Because our system is not working the way it used to. Every year there are more and more cuts. Less and less resources. Too few teacher specialists and too many students for them to service to make their time productive. Too many changes to curriculum and too few dollars funding the replacements to textbooks and teacher's guides that will be obsolete.

Too many students falling behind. Too many students not getting access to the help they need in a timely manner. Too many needs for teachers to meet them. All while we attempt to plan, prepare and teach in the same manner we always have. Or better.

We need help. We need people, regular people like you, to hear our stories. Talk to us. Ask us questions. Read our blogs. There are common themes that keep rising over and over again. There must be some truth in there somewhere?
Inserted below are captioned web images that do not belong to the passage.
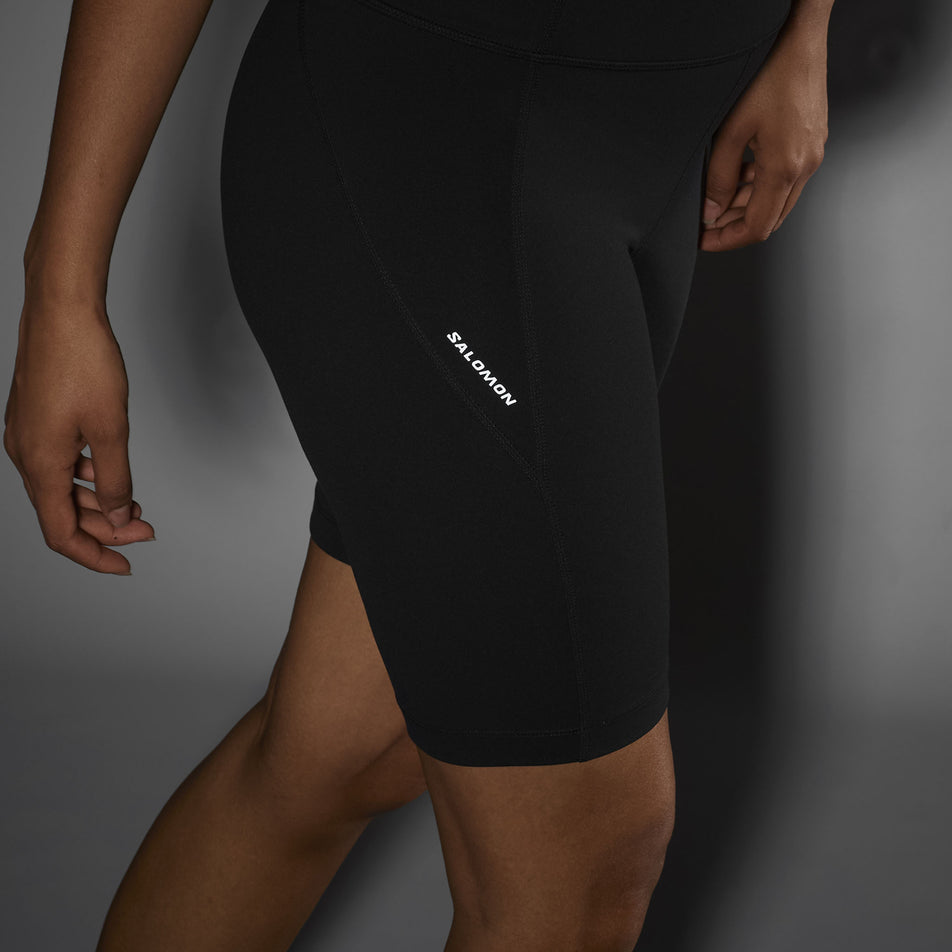 The reflective logo on the Salomon Women's SHAKEout BLISS 8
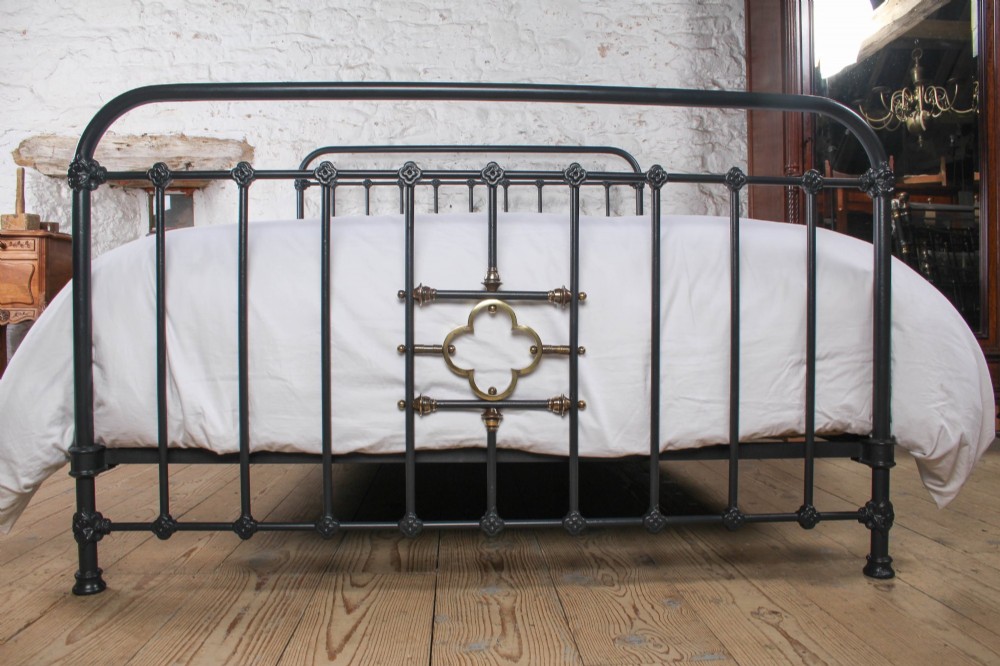 A black iron and brass king-size bed frame featuring vertical spindles and a central brass quatrefoil motif on the footboard. View II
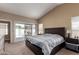 Bright main bedroom features neutral tones and a slider to the outdoor space at 1279 N Blackstone Dr, Chandler, AZ 85224
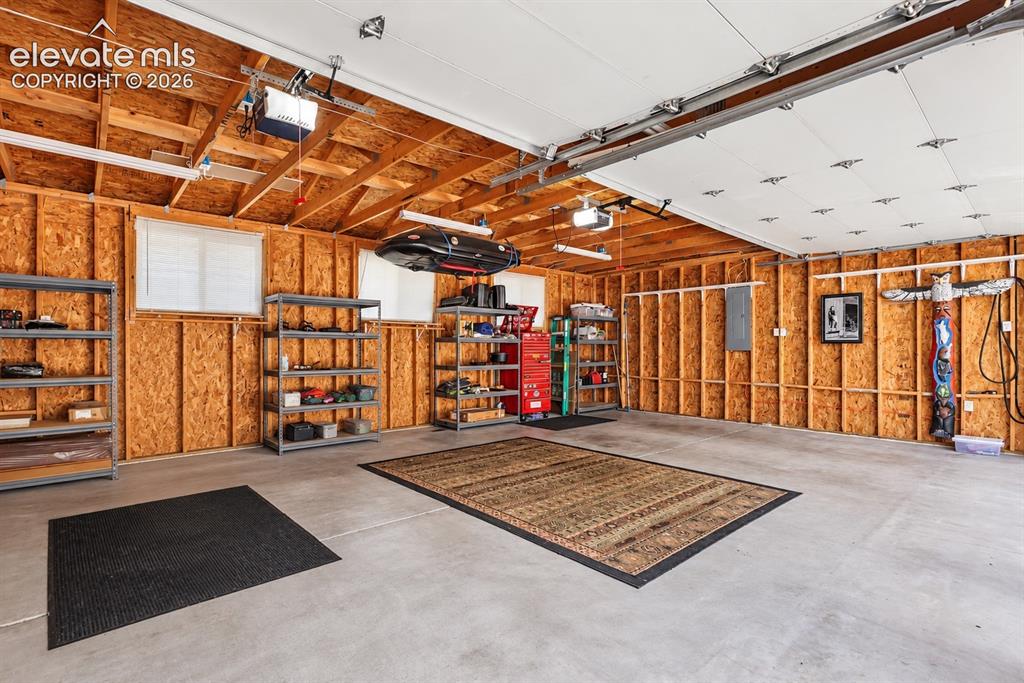 Image 36 of 36: Oversized detached 3-car garage with exceptional space for vehicles, storag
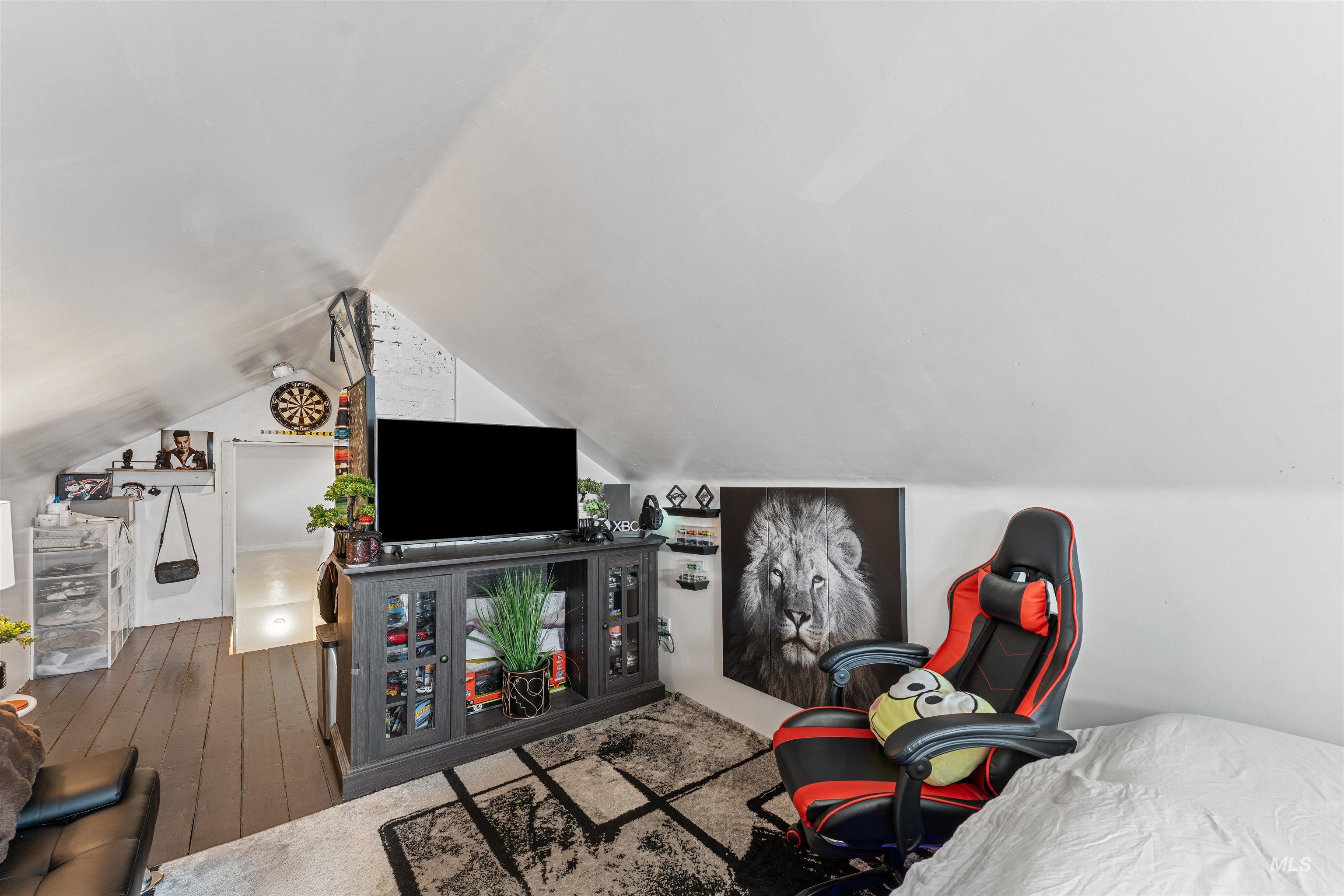 Living area with hardwood / wood-style floors and lofted ceiling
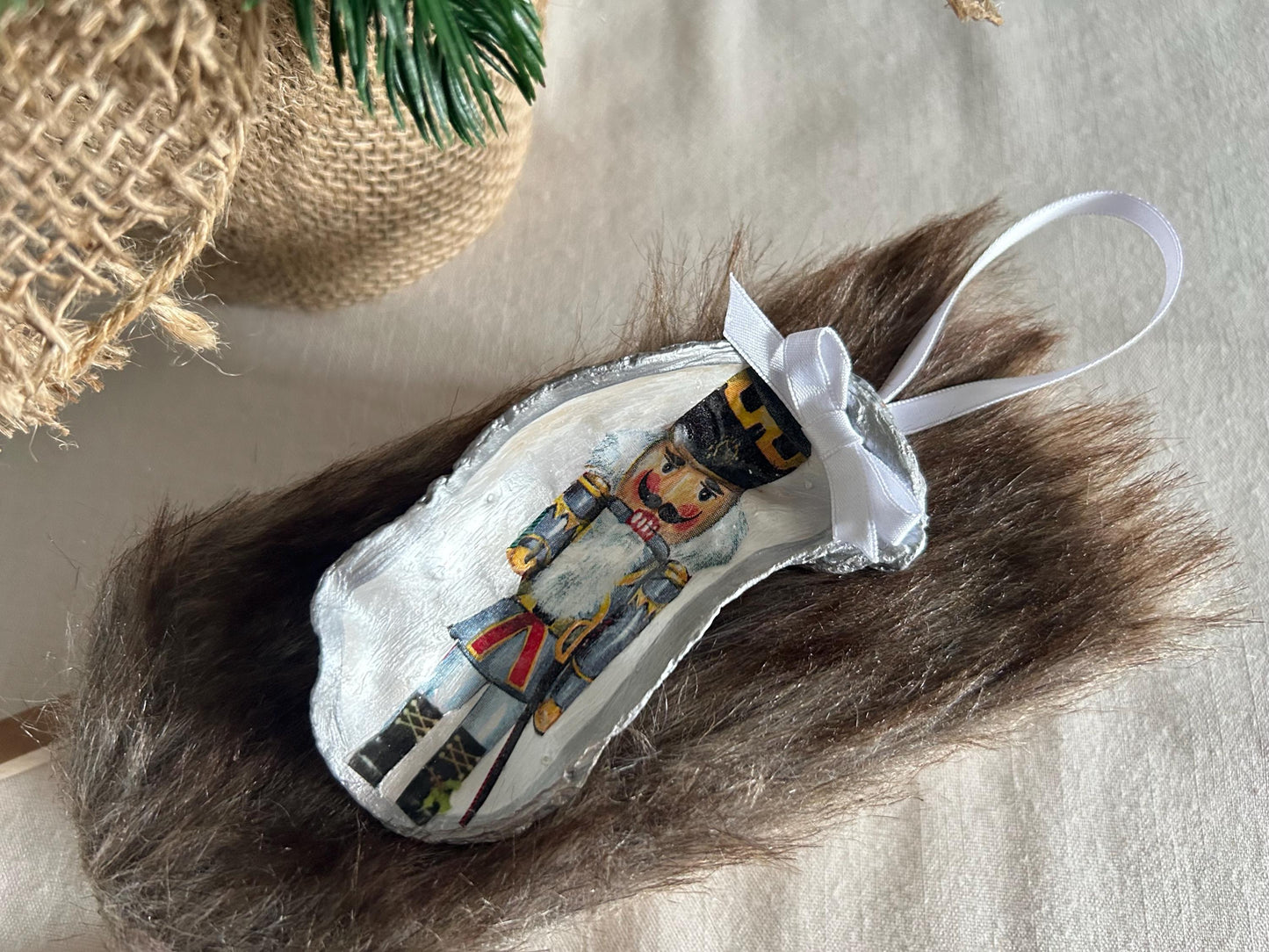 Nutcracker Christmas Tree Ornament. Silver Oyster Shell Holiday Decoration.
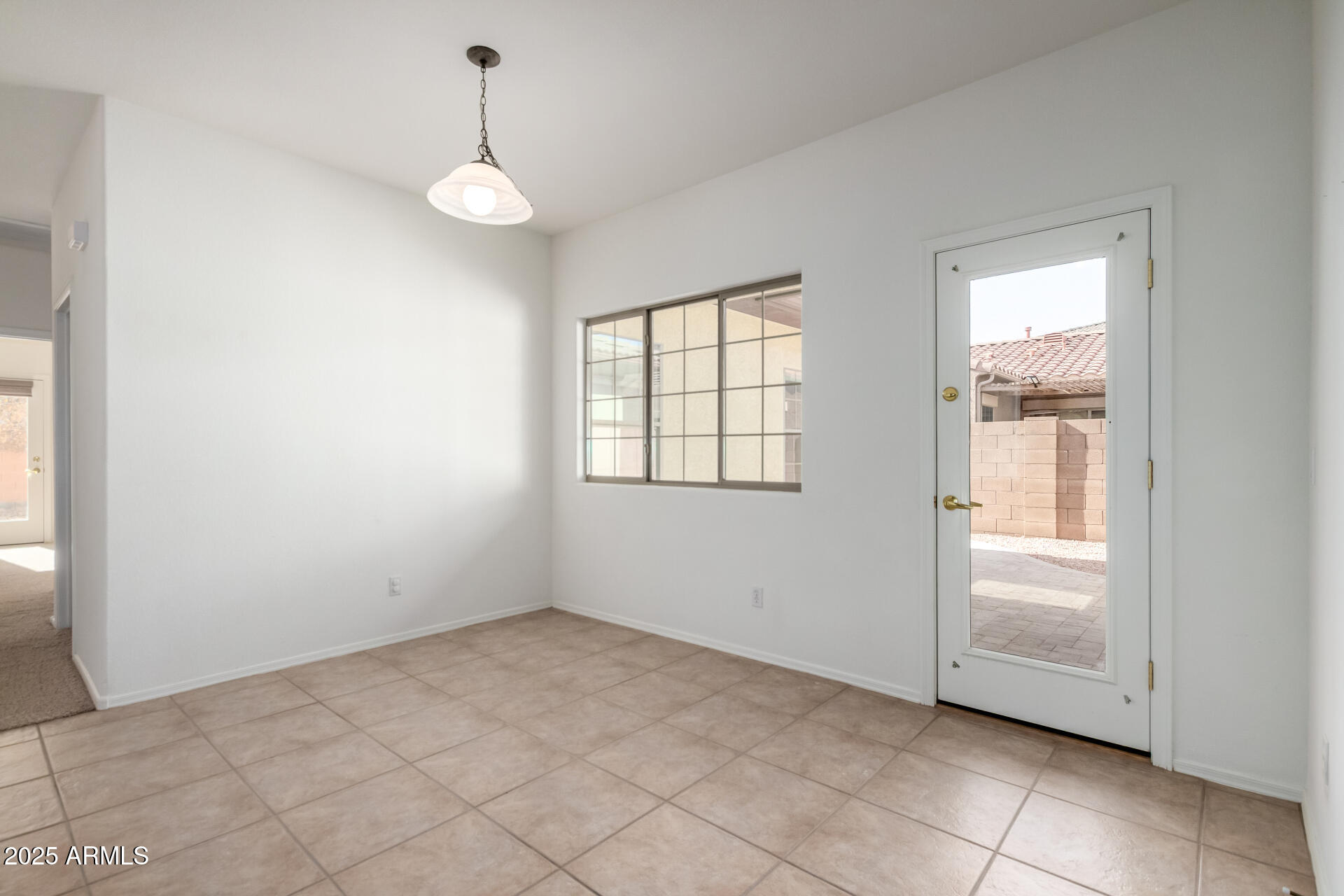 2602 South Nielson Street Gilbert, AZ 85295 - Photo 15 of 39 a view of an empty room with a window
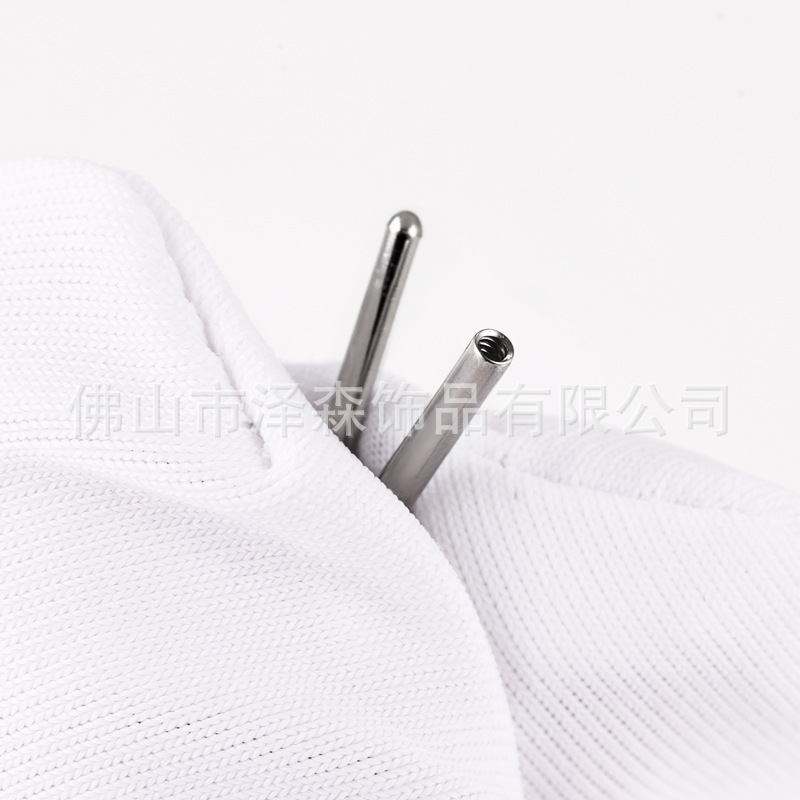 Silver pointed spike labret stud material detail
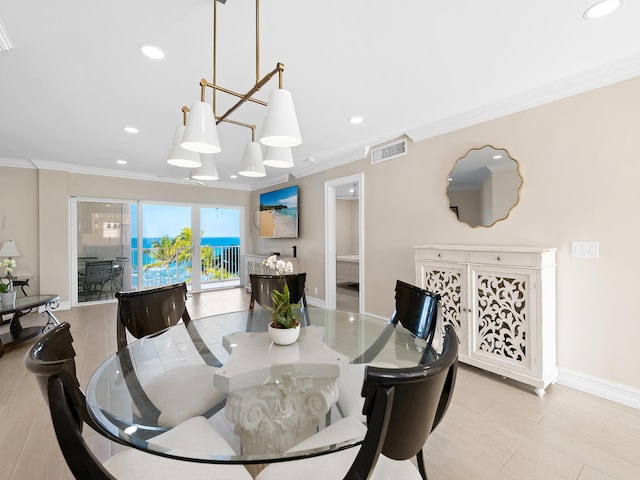 dining space featuring light hardwood / wood-style floors and crown molding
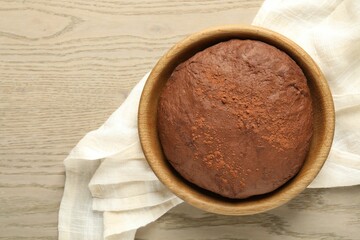 Chocolate dough in bowl on wooden table, top view
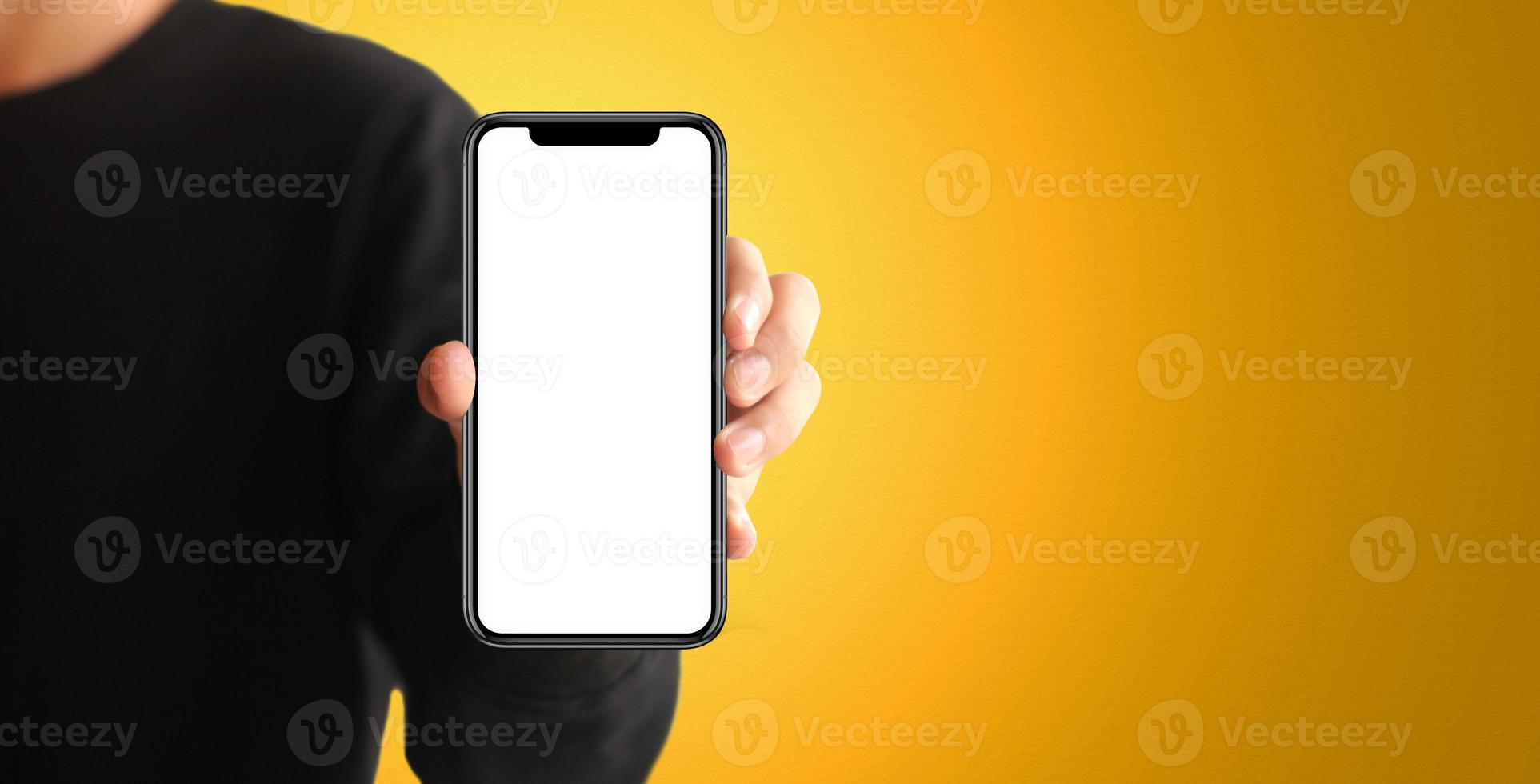 Hand holding the black smartphone with blank screen on yellow colour background photo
And we need something else. Something I try to teach my students. We need open minds and open hearts. This polarization of two sides, teachers' union versus the government, does not serve anyone well. It does not serve our students well. We need you to consider that maybe, just maybe, we do need to reinvest in our education system. Maybe what is needed is for people like you to pick up your phone and call your MLA (or email them).

It takes a village to raise a child. I don't know where this saying comes from originally, but it remains true to this day. Parents. Teachers. Administrators. School Trustees. Government.

Everyone needs to do their part. Teachers are attempting to do their part right now. We would rather be in our classrooms doing our job. We would rather students be in classrooms getting an education. But we also know that for us to do our jobs and have all students succeed in education, we need more.

So here it is, Monday morning. Today I find myself sitting down at the computer to write to you in hopes that you will hear my plea. Hear our pleas. As I head to my school site to stand on the sidewalk with my sign that reads "All students deserve the right to a quality education," I am hoping that you will do your part. Please.

Because I'd rather be on the other side of fence with the kids.